→ PROMPT
Starting with the line that contains "Vintage Rose Gold" and stopping after the line that contains "Set Divano da", copy the entries below exactly. Include nothing else.

→ DATA EXTRACTS

Start of Block

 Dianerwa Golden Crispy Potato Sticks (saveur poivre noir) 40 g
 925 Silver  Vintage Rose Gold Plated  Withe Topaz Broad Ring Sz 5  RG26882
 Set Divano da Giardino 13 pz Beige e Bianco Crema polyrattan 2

End of Block
Start of Block

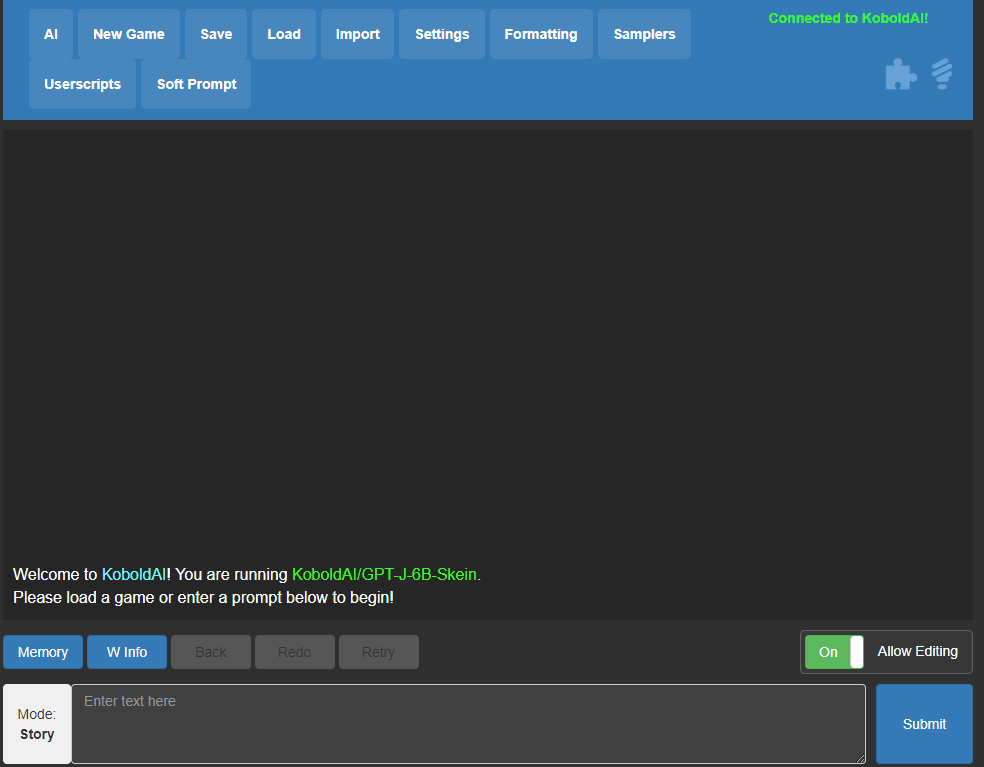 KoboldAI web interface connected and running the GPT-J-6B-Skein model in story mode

End of Block
Start of Block

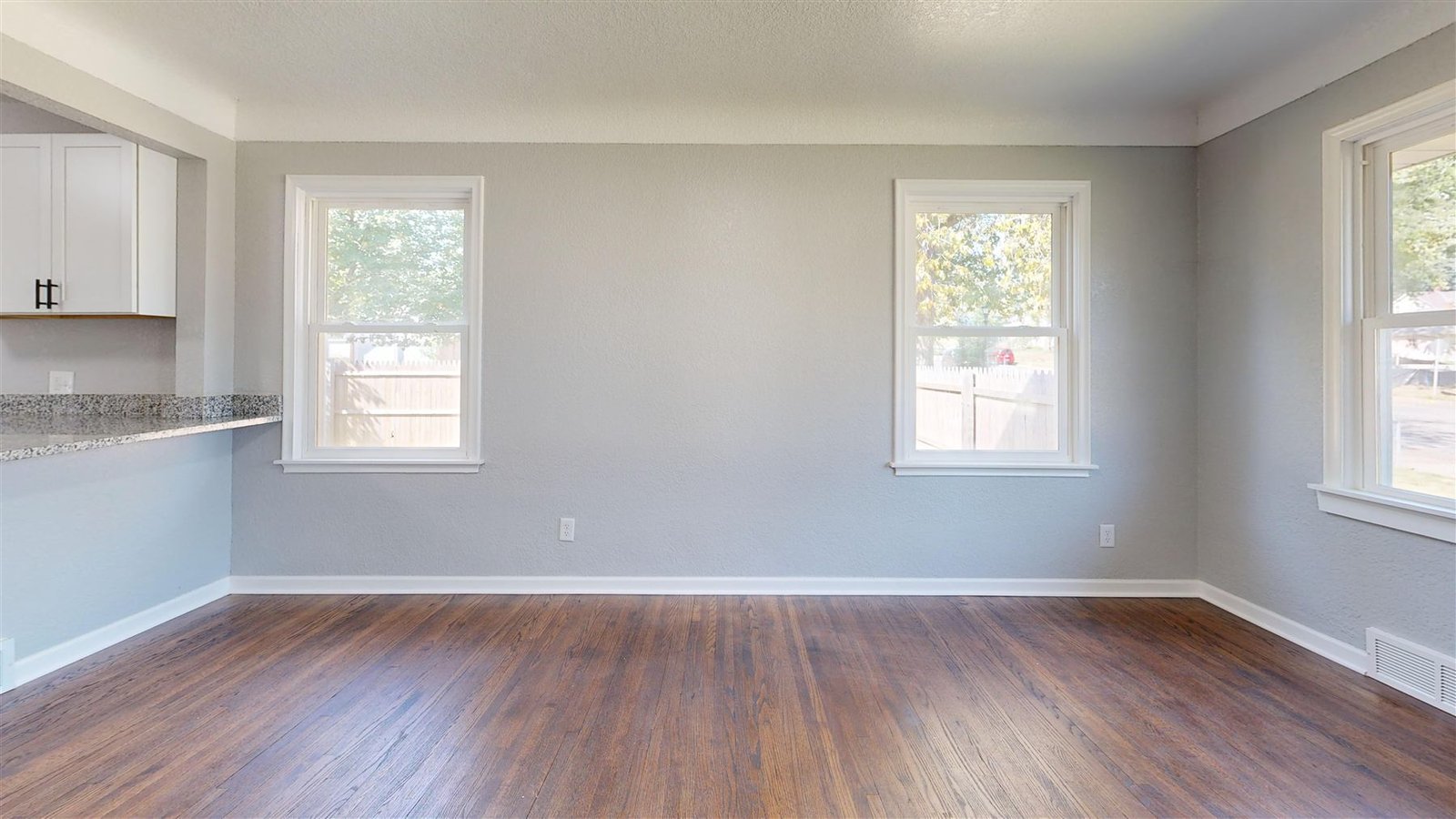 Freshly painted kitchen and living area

End of Block

→ ANSWER TO THIS EXERCISE
 925 Silver  Vintage Rose Gold Plated  Withe Topaz Broad Ring Sz 5  RG26882
 Set Divano da Giardino 13 pz Beige e Bianco Crema polyrattan 2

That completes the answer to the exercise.